When the Lord Was Cut Off From the Light of God's Countenance

Recently I finished reading Thomas Watson's 'Divinity' It is an excellent, classical work. Watson too wrote about God's wrath. I will quote the relevant section below yet would first comment that Paul House (a lecturer in OT Theology) noted that Job and Isaiah 40-48 addressed the 'why' questions a lot-that is why do certain kinds of suffering occur, and of pastoral difficulties in forming replies sometimes. That was in the context of the question of free will, and does mankind have that if God is omniscient. Plainly Jesus as God was not entirely subject to quantum determinism of the steady-state Universe (e.g. walking on water, raising the dead), his will was free though he too was pre-destined to die on the cross. 
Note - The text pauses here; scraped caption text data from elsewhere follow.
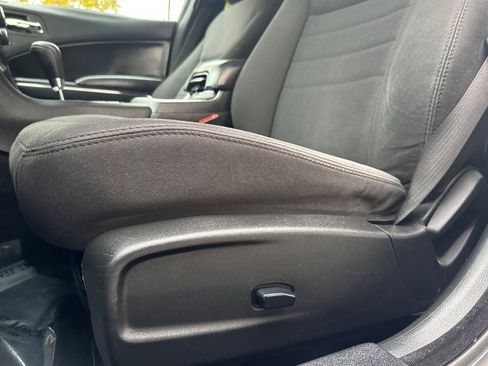 Used 2014 Dodge Charger SE image 14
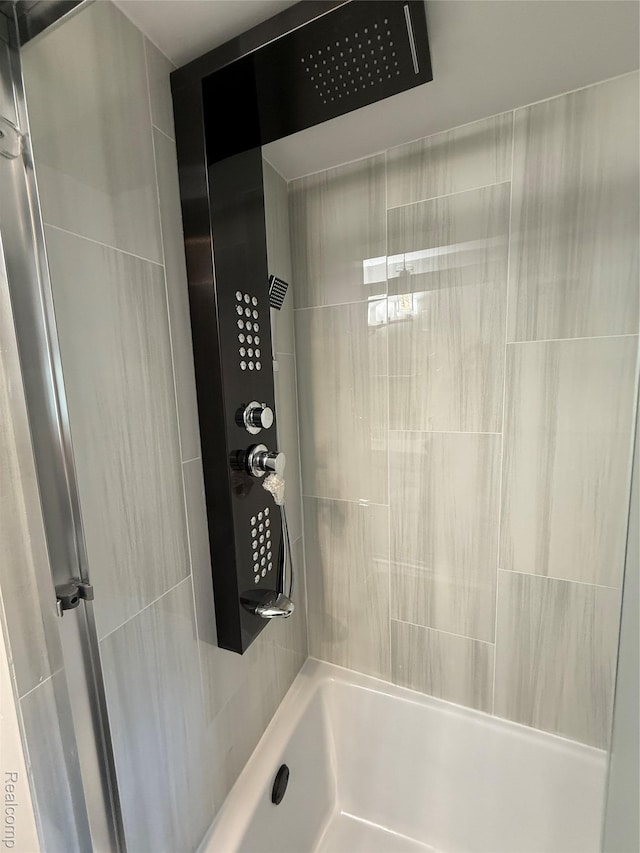 1321 Rainbow Dr, Saginaw, MI 48638 - bathroom featuring shower / bath combination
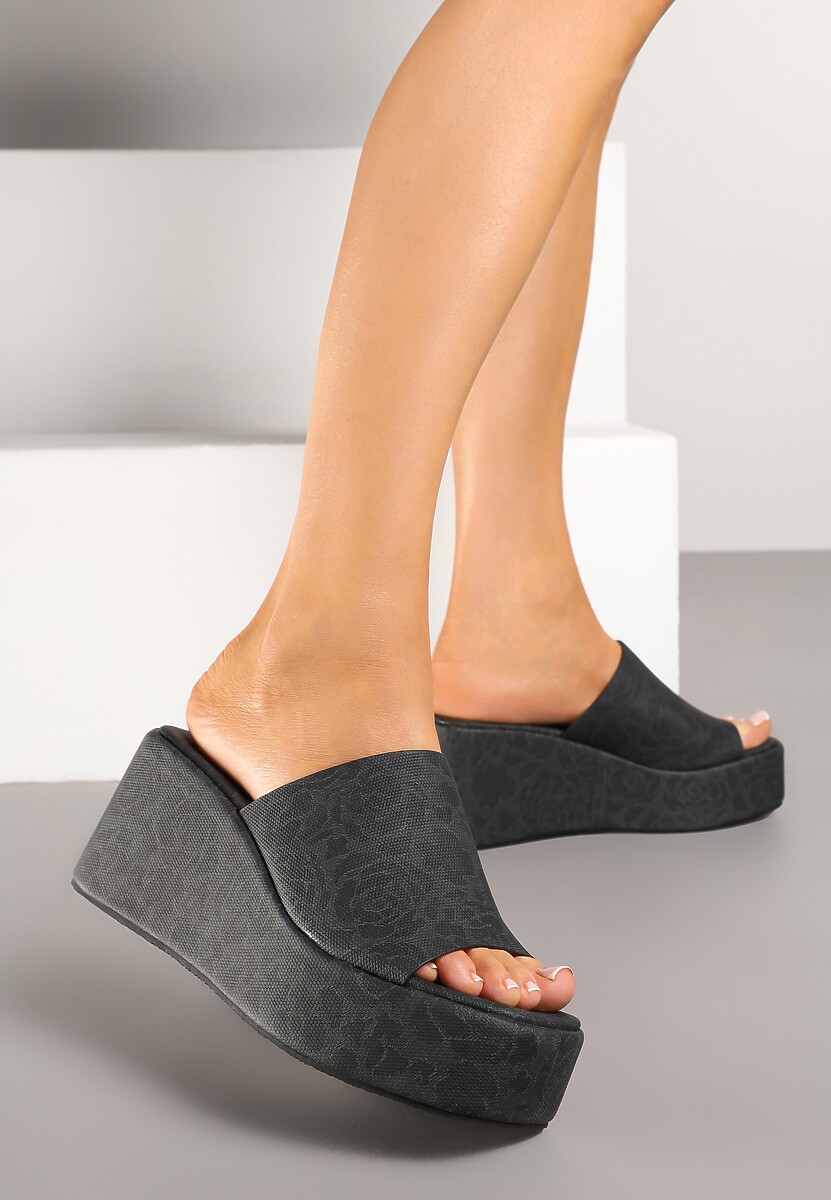 Czarne Klapki na Koturnie w Cętki Zovianne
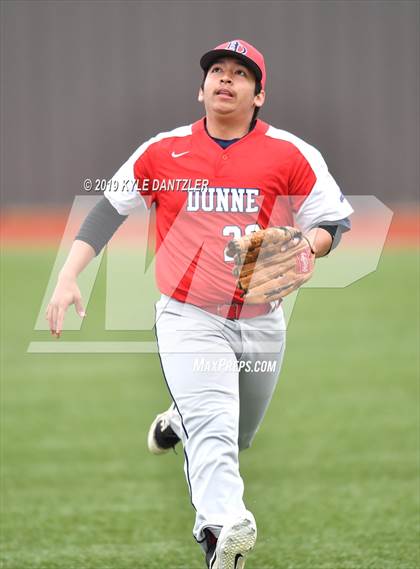 Thumbnail 3 in Dallas HSAA Blue vs Bishop Dunne (McClain/Cowart Invitational) photogallery.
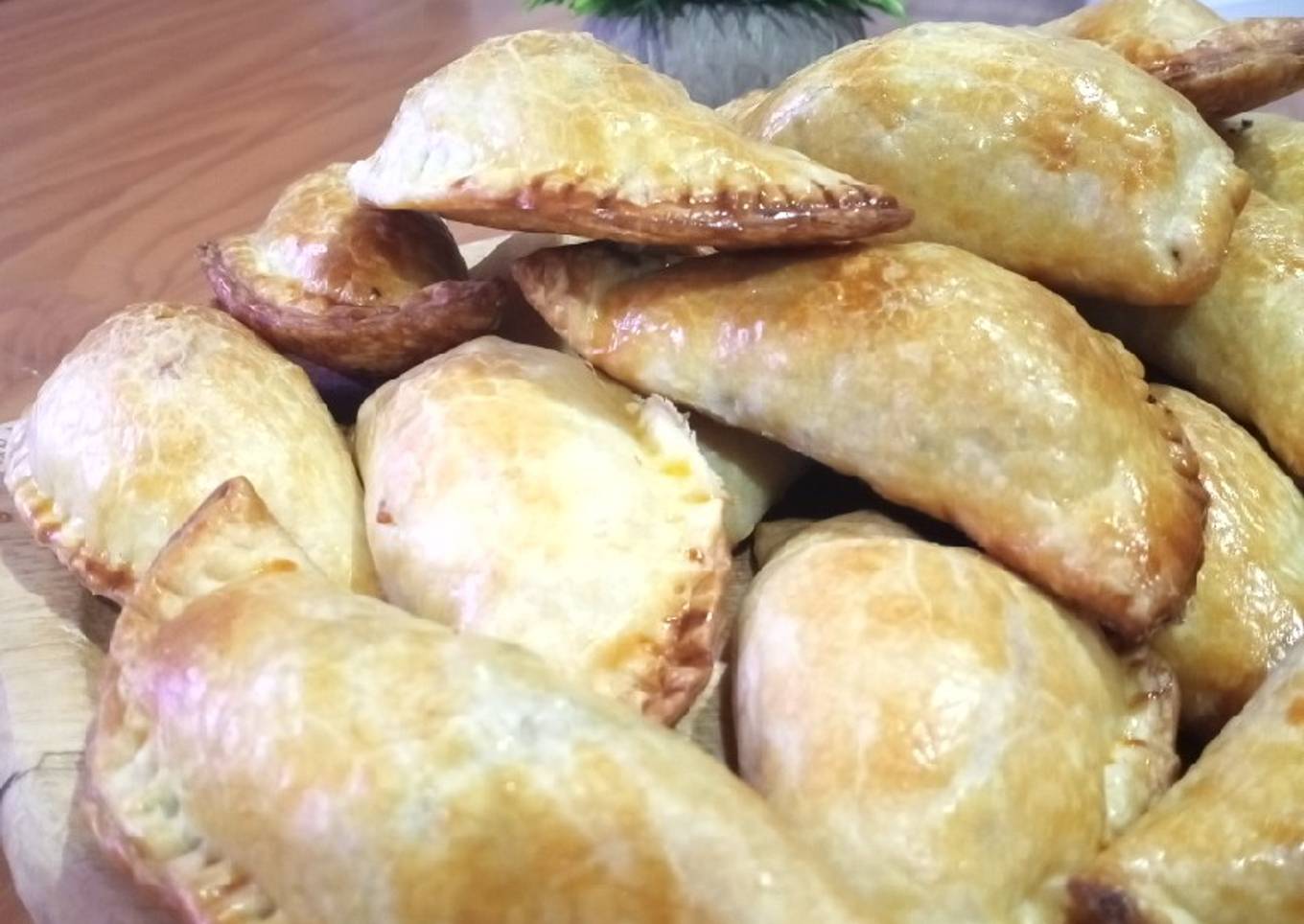Empanadas de jamón y queso y carne picada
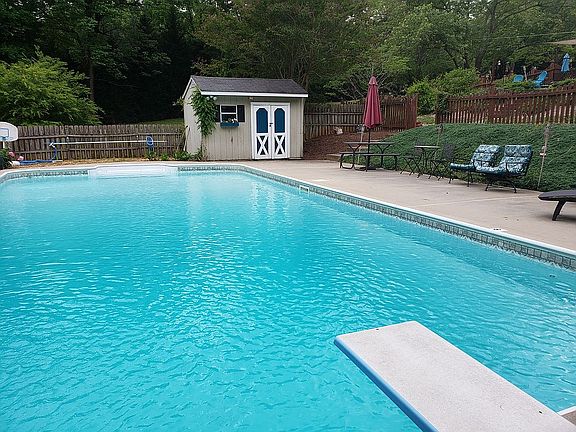 40 x 20 ft pool, 3-9 ft deep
That is the question becomes is prescience the same as predeterminism? How can God make himself subject to His own creation? That's a neat trick (I mean this as the highest compliment). I have different ideas than does House on the idea of causality viewing it not necessarily in a linear or tree branching temporal series exclusively because of reading in quantum cosmology of contemporary physics (I am not a physicist or scientist though). I believe God is complete master of quantum wave-particle forms and membranes or monads that issue light and such, and have different ideas than House about creation theology yet I have moved beyond the criterion of theistic evolution quite a bit. On that topic I would say that the simple answers are true such as are presented in the OT. The point was to illustrate the point that everything hasn't an accurate simple-to-understand causal explanation that can fit neatly within human perspective. As House said sometimes one has to just trust God on matters of 'why' as all things for people of faith work for the glory of God...Here is what Watson wrote about the independent experience of suffering of the Lord...Thomas Watson wrote the following of Christ's death on page 135 of 'Divinity'...

“(I.) In the sufferings of his body. He suffered truly, not in appearance only. The apostle calls it mors crucis, the death of the cross. Phil 2: 8. Cicero, when speaking of this kind of death, says, quid dicam in crucem tollere? [How can I describe being raised up on a cross?] Though he was a great orator he wanted words to express it. The thoughts of this made Christ sweat great drops of blood in the garden. Luke 22: 44. It was an ignominious, painful, cursed death.

Christ suffered in all his senses. His eyes beheld two sad objects, his enemies insulting, and his mother weeping. His ears were filled with the revilings of the people. 'He saved others, himself he cannot save.’ Matt 27: 42. His smell was offended when their spittle fell upon his face. His taste; when they gave him gall and vinegar to drink. His feeling; when his head suffered with thorns, his hands and feet with the nails. Totum pro vulnere corpus [His whole body one great wound]; now was this white lily dyed with purple colour.

(2.) In the sufferings of his soul. He was pressed in the wine-press of his Father's wrath. This caused that vociferation and outcry on the cross, 'My God, my God,' cur deseruisti? Christ suffered a double eclipse upon the cross, an eclipse of the sun, and an eclipse of the light of God's countenance. How bitter was this agony! The evangelists use three words to express it. 'He began to be amazed.' 'He began to be faint.' 'To be exceeding sorrowful' Mark 14: 33; Matt 26: 38. Christ felt the pains of hell in his soul, though not locally, yet equivalently.”